He dreamed of a military career, and when he heard about my speech on gays in the military he lost no opportunity to tell me why they should not serve. I, in turn, spared no effort in convincing him that he was behind the times. Again and again we tackled the argument, hammer and tongs, often late into the night. One evening in November we were once again debating The Topic. “Doesn’t the concept of two men holding hands weird you out?” he asked.
Then he reached for my hand.
My body froze. Don’t show any emotion! Remember to breathe! I tried to keep my face a mask as I explained that my personal feelings about whether or not two men holding hands was weird did not factor into the question of whether gays and lesbians could honorably defend their country. Fairness, I said, isn’t about how comfortable I feel—for example, the idea of my parents having sex weirds me out, but that doesn’t mean I would discriminate against them (I had used that line in my speech, and it usually got a good laugh, so I was always ready to recycle it in conversation).
“But aren’t you totally weirded out by two guys cuddling?” he persisted. Then he laid his head against my chest, where presumably he could hear my heart race. We sat like that for the next couple of hours—he maintaining that homosexuality was disgusting, while I maintained that, whether it was disgusting or not, we should not discriminate against those who happened to be gay or lesbian. The next day, he went out of his way to reiterate that he was not gay.
“I never said you were,” I replied, choosing my words with some precision.
The strange dance continued.
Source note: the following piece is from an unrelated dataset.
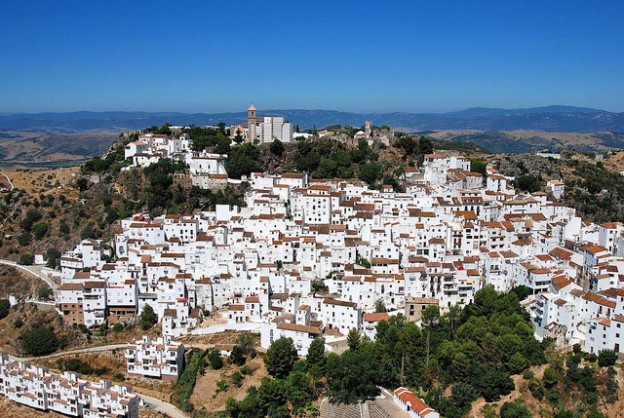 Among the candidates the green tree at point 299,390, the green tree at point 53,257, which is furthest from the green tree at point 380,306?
the green tree at point 53,257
One night a couple of months later, we watched Out of Africa, his head again resting on my chest.
“Have you ever thought about becoming a missionary?” he asked. (On viewing the film again recently, I wondered how he got the idea of becoming a missionary out of the story of an adulterous affair; but from that first viewing, I remembered nothing of the affair—our attention was on the adventure of living in the African wilderness, and in particular on the magnificent aerial cinematography when Denys takes Karen up in his plane and they fly above mountains and waterfalls, over grassy plains and sandy beaches.)
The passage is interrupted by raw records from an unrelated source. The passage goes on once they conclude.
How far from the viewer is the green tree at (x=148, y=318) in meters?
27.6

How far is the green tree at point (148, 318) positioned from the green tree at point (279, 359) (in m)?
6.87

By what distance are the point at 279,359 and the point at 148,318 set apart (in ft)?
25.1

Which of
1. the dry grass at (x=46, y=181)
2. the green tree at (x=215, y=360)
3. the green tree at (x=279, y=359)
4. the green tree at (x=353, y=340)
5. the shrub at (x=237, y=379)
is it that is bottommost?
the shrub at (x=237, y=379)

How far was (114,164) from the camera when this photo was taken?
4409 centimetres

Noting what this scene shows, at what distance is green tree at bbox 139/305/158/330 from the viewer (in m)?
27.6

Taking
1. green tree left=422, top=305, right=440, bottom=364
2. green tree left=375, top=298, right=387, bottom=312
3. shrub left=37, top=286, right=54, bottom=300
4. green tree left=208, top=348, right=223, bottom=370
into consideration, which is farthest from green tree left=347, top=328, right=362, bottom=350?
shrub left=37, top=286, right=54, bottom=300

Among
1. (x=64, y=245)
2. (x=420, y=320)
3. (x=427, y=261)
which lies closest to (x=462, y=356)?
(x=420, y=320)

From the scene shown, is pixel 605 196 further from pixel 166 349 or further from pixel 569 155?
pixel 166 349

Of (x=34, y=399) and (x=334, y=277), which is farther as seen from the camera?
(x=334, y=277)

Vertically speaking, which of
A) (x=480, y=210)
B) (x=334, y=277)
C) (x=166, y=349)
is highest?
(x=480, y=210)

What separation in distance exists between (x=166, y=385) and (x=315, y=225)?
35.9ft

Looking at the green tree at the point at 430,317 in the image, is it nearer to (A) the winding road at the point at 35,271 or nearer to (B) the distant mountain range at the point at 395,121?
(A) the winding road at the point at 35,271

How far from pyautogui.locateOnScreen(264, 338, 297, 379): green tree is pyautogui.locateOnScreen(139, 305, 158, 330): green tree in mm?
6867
A missionary? “Sometimes,” I replied, not quite truthfully.
We talked, long after the movie had ended, about getting a plane and doing missions in Africa, but I was far more interested in the idea of being with him than I was in bringing the Gospel to remote tribes. Were we searching for God? Perhaps, but my heart resisted more than it searched, and I feared above all that my love for him would be the first thing God demanded I nail to the cross.
Meanwhile, life went on. We built a radio-controlled airplane, and after weeks of gluing balsa wood together, we took it out for its first flight. He took the controls. The plane rose into the air, climbed a hundred feet or so, stalled and spun into the ground—a complete loss. To this day we debate whether the crash was due to my failure as an engineer or his failure as a pilot.
The Cessna hits a pothole in the air, jerking my attention back to the present. A glance at the instruments: We’re moving at autobahn speeds, half a mile above the traffic that winds slowly along Highway 101. We’re extremely safe, I remind myself, safer than we would be on the highway—and yet the jolt of turbulence is a reminder that a few seconds of inattention at the wrong moment can be deadly. That is why there is a rigid structure to the freedom of flight: training, checklists and regulations. Yet this structure sets us free to fly above the constraints of roads, land and water.
The reality of flight seems very different from my early dreams. I did not fall in love with flying because, as a boy, someone took me aside to explain the Federal Air Regulations. Yet Mark and I fly safely these days because those regulations protect us. Without that structure, the reality would not be more like my dreams, but less so—deadly tailspins played no part in the dreams of flight that Jason and I shared as we lay under the stars at the end of the runway.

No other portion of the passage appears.